Hello, I have two modules E32 868T20D & E32 868T30D, they both seem to have the Semtech SX1276 chips but no LoRaWAN capabilities? Anyone had any luck connecting it to a gateway?
A few people have asked, no-one seems to have managed it.
Looking at the manual, it does seem unlikely.
I have found some code, however it seems to be point to point.
I also tried simply using the usual lmic library and defining only the rxtx pins, didn’t work either.
Basically to use this you would have to figure out how to reprogram the internal MCU and make it take requests over the serial line to operate the radio - either low lever requests, or implement the LoRaWAN stack on the module the way Microchip, Murata, etc often do and expose high level operations via an AT command set or similar.
Looked at an internal photo in the FCC test report and wasn’t seeing a familiar MCU there, it may be something minimal chosen for cost reasons. Even if the MCU were identified and reprogrammable it would be a complex project.
Here is my very old code for E32-868T20D and E32-868T30D (both are equally designed but second one have amplifier transistor):
Both OTAA and ADR modes are supported.
Some weather sensors - are supported: bme280, bmp280 and bmp180.
Also analogue data is sent (battery voltage). and state of UART pins (if UART is disabled).
Data is packed by cayenne lpp which is umpacks automatically by TTN.
DevEUI is auto-generated from device’s unique ID value.
Pulling down M0 triggers UART-based configuration UI.
More info on github. Please note that project is frozen as-is, because STM8 have low-precision clock (HSI clock) which is hard to count exactly specific time intervals as well as receiving acknowledgement at exact reception window.
Unfortunately, this code appears to be drastically out of date, missing many critical LMiC bug fixes that have happened since you forked it, and as a result really should not be used on TTN given the likelihood of failing to make proper response to configuration commands from the network.
Can You point to bugs fixes? Or at leaser show best supported codebase for LMIC. Because original LMIC - is unchanged during 5 years. And my fork - is 3 years old with fixes for coarse timing represented in STM8L with HSI oscillator. I’ll happily add protocol fixes for that, since that sensors still works pretty fine after 3
years and don’t require any service.
OFFTOP: My gateways is still works in TTN v2 and is visible on map.
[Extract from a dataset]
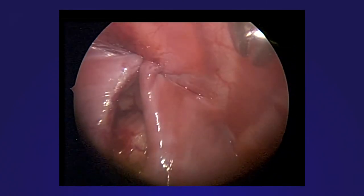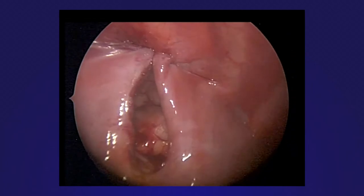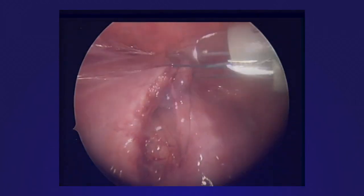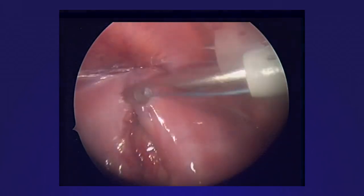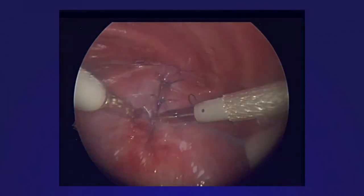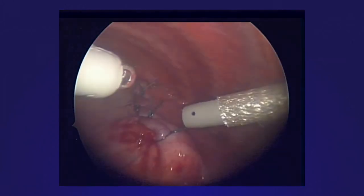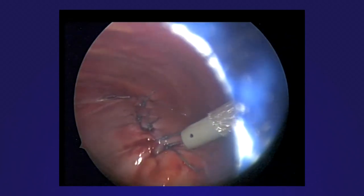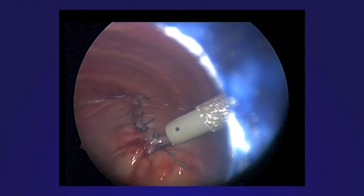One can see that completion of this stitch nicely outlines the remainder of the defect. Additional interrupted 2-O Ethibond sutures are then placed to approximate the defect and tied extracorporeally. The most medial suture is placed, followed by a final suture in a small gap in the medial aspect.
The main issue with TTN - is that it can’t be trusted for a long-term use, because it’s always change something and I’m unsure that my self-powered LoraWan weather sensor will not disappear someday because someone decided to change few bits in protocol.
TTN made breaking changes after running V2 for 5 years and they provided migration tools for uninterupted use of the nodes and a migration window of 9 months. So I think your judgement could be a bit more nuanced. And you could have used half an hour during those 9 months to move your gateway to V3…
Maybe safer then that you deploy your own network server and own Lora network then you are in control and ‘someone’ can affect you.
And apart from minor configuration knobs that an insistent person can still set the old way, breaking changes in terms of device firmware were mostly that device firmware needs to now actually meet the LoRaWAN spec…
If the OP wants to come up with something that works on the STM8, they should start with a current checkout of MCCI LMIC that there’s effort being made to bring into spec compliance (which the IBM and previous versions never remotely had), review the open issues on that, and then begin their port.
Another approach could be to use a different codebase, for example LoRaMAC Node.